Quando un Sindaco eletto con una forte impronta civica o trasversale (come Peppe Cassì) inizia ad accettare le “lusinghe dei partiti”, si verifica un cambiamento di equilibri. Le decisioni non sono più orientate primariamente dal programma civico, ma dalle dinamiche di potere, dalle logiche di corrente e dagli equilibri regionali/nazionali dei partiti stessi.
Questo processo porta spesso al disincanto degli alleati originali (come D’Asta) e degli elettori. Sindaco, non accettare le lusinghe dei partiti avrebbe permesso di mantenere l’equilibrio originale. La sua caduta in questa dinamica è vista come la causa della crisi attuale.
In definitiva, il caso Ragusa rappresenta un microcosmo delle tensioni che affliggono la politica contemporanea: lo scontro tra l’etica personale (dignità politica) e la Realpolitik (manovre di partito), e la difficoltà nel bilanciare la promozione effimera con la manutenzione strutturale.
Le dimissioni di Massari, prima, e D’Asta, adesso, rappresentano, a mio parere, il segno tangibile di una “frattura insanabile” con il Sindaco Peppe Cassì.

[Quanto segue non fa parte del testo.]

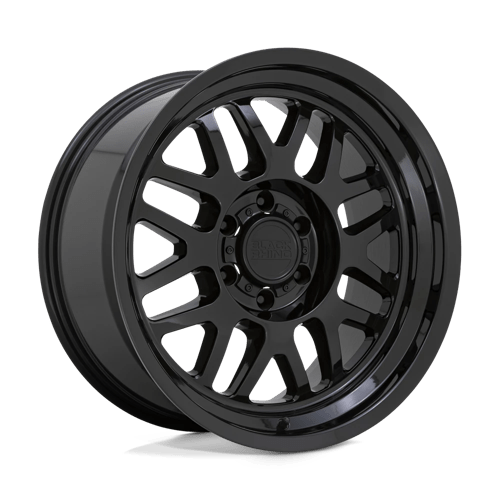DELTA 18X9.5 5X5 71 -18 G-BLK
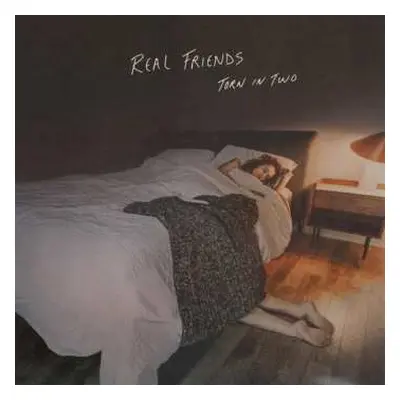 LP Real Friends: Torn In Two LTD | CLR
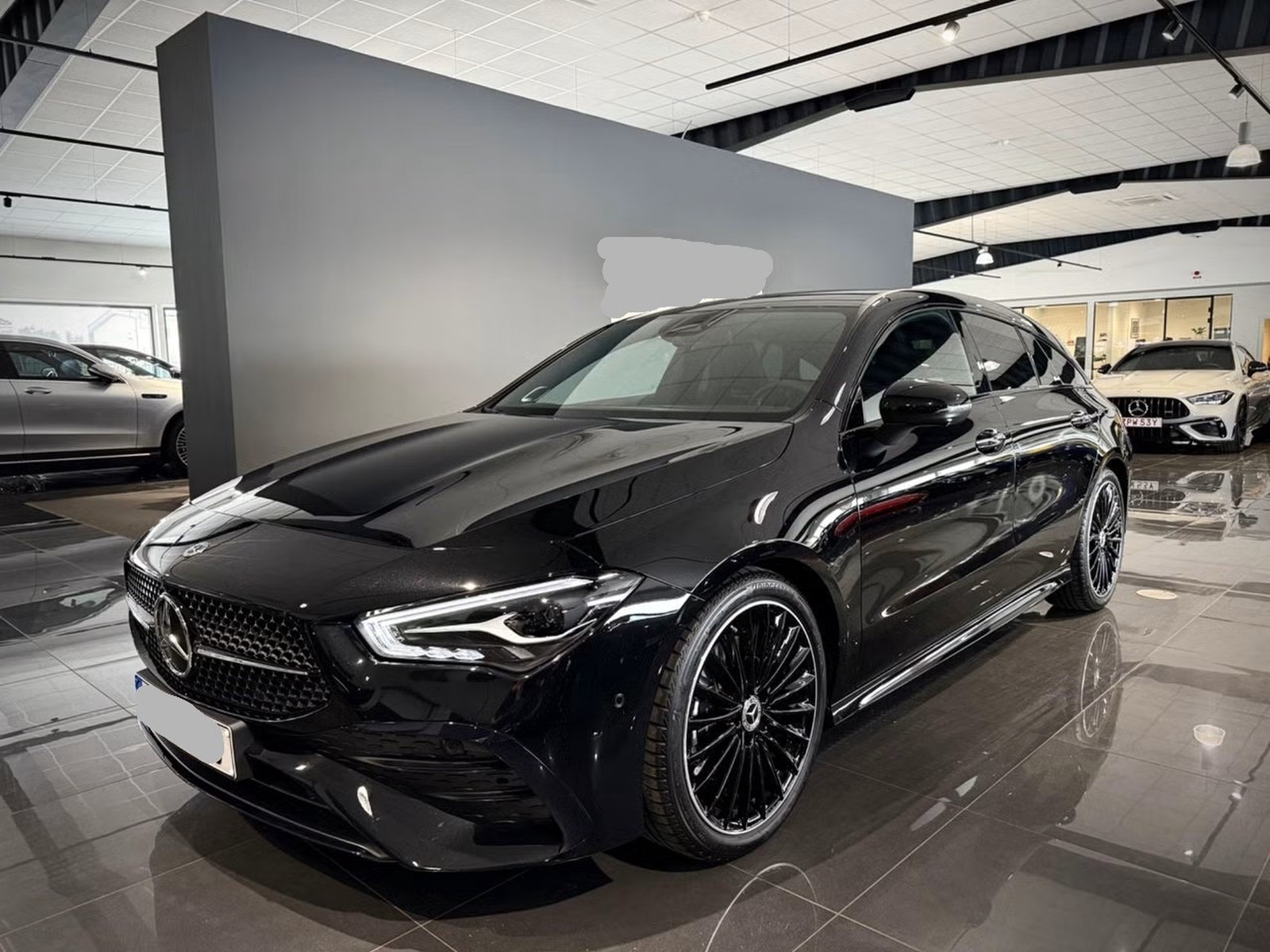 Mercedes-Benz CLA 200 9G AMG-LINE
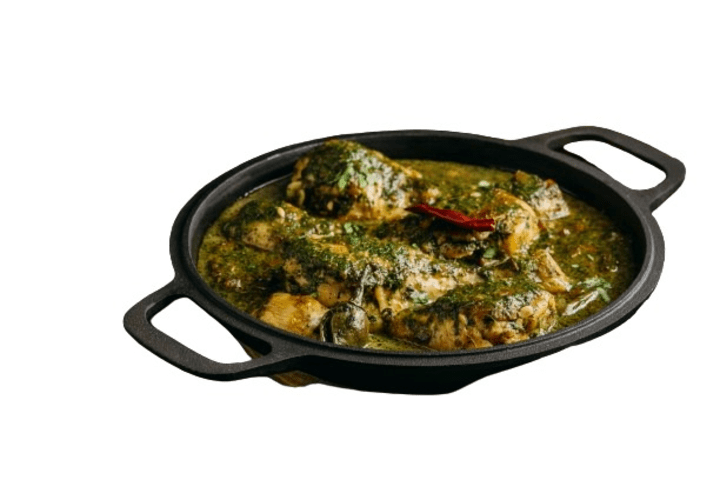 Saag Chicken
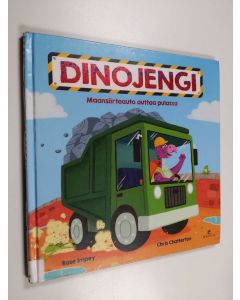 Kirjailijan Rose Impey käytetty kirja Dinojengi : Maansiirtoauto auttaa pulassa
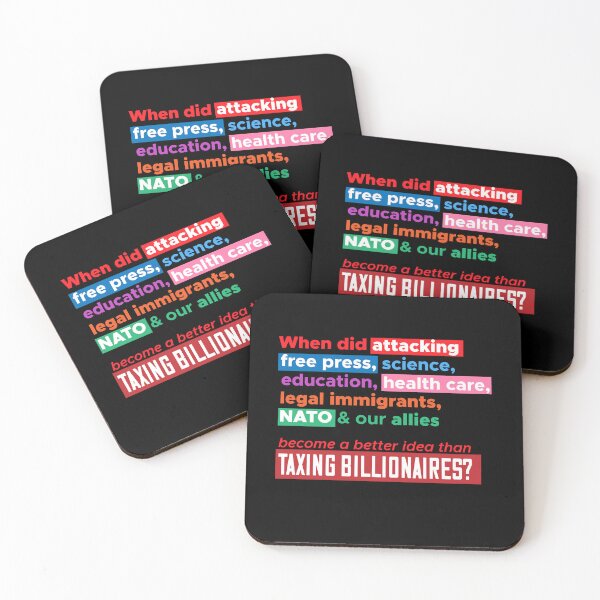 Item preview, Tax Billionaires designed and sold by jitterfly.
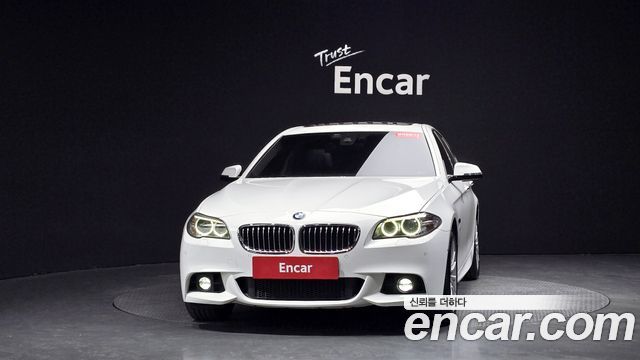 BMW 5-Series 528i xDrive M Aero Dynamic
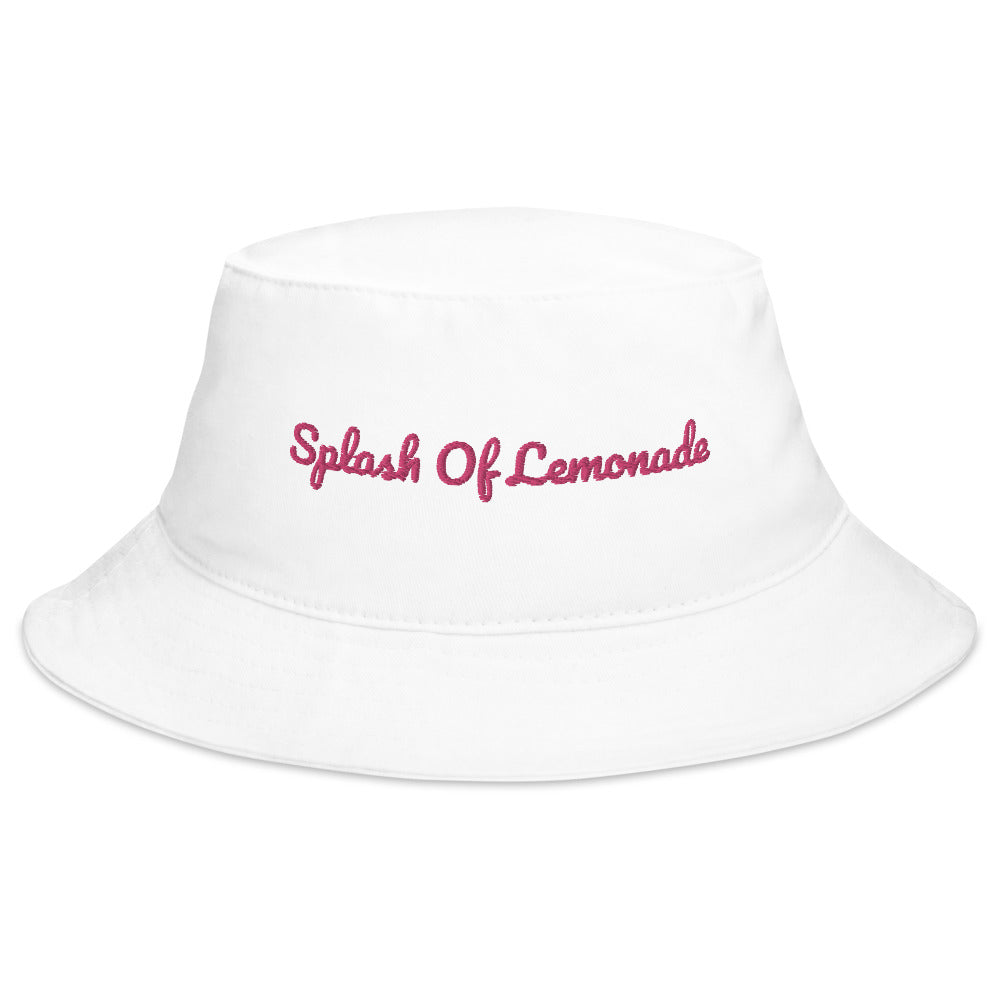 Splash Of Lemonade Bucket Hat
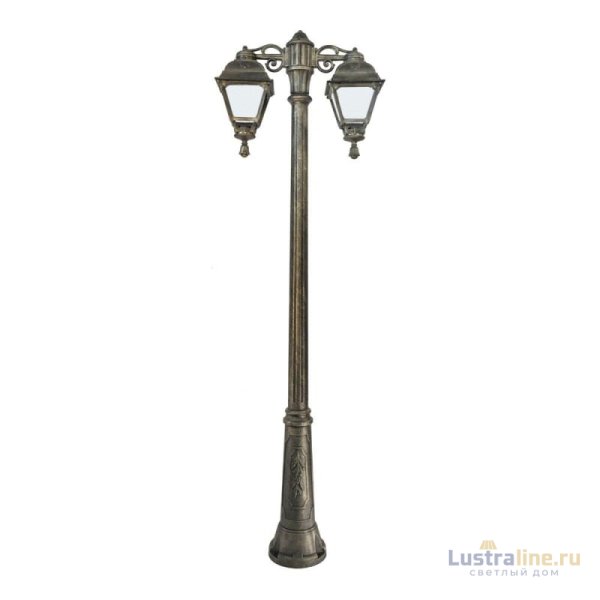 Уличный фонарь Fumagalli Ricu Bisso/Cefa 2L Dn U23.157.S20.BYF1RDN Уличный фонарь Fumagalli Ricu Bisso/Cefa 2L Dn U23.157.S20.BYF1RDN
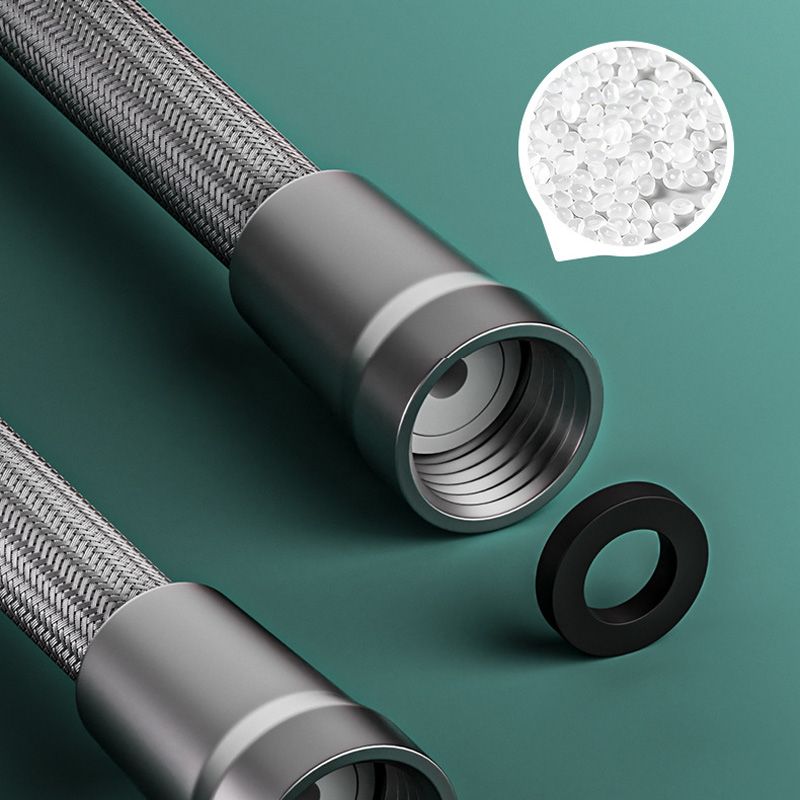 Norvo | Oppgradert eksplosjons-sikker flettet dusjslange – lekkasjesikker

Non si tratta di una semplice uscita, ma di un atto politico che espone un malessere interno precedentemente “nascosto”.
La scintilla che ha acceso la crisi sembra essere stata la riorganizzazione delle deleghe in seguito alle dimissioni di Massari. Il tentativo di Cassì di togliere a D’Asta le deleghe su Verde Pubblico e Servizi Cimiteriali per assegnarle a Iacono è stato il punto di non ritorno. La delega, pur non essendo la più “prestigiosa”, assume qui un valore politico di sfiducia o ridimensionamento.
Il progressivo spostamento della Giunta verso una composizione “sempre più targata ‘Forza Italia’” suggerisce una possibile manovra di “partitizzazione” della Giunta da parte del Sindaco, che era stato eletto in una coalizione civica/trasversale. D’Asta, dimettendosi, si pone come baluardo contro questa tendenza. Il suo gesto non è visto come una mera protesta, ma come un tentativo di “arginare le politiche sempre più spregiudicate di Cassì e del suo cerchio magico”.
Le dimissioni di D’Asta introducono la politica ragusana in una “fase di incertezza”, un malessere che, significativamente, viene messo in relazione con la “crisi della maggioranza regionale”.
Sono convinto che il Sindaco Cassì, per il quale ho sempre nutrito simpatia, accettando di farsi lusingare dai partiti, abbia alterato il suo equilibrio politico originale, portando a questo punto di crisi che lo vede ora indebolito. D’Asta, in questo scenario, diventa l’esempio lampante del dissenso interno e una potenziale figura di riferimento per un’opposizione o una ricomposizione politica diversa.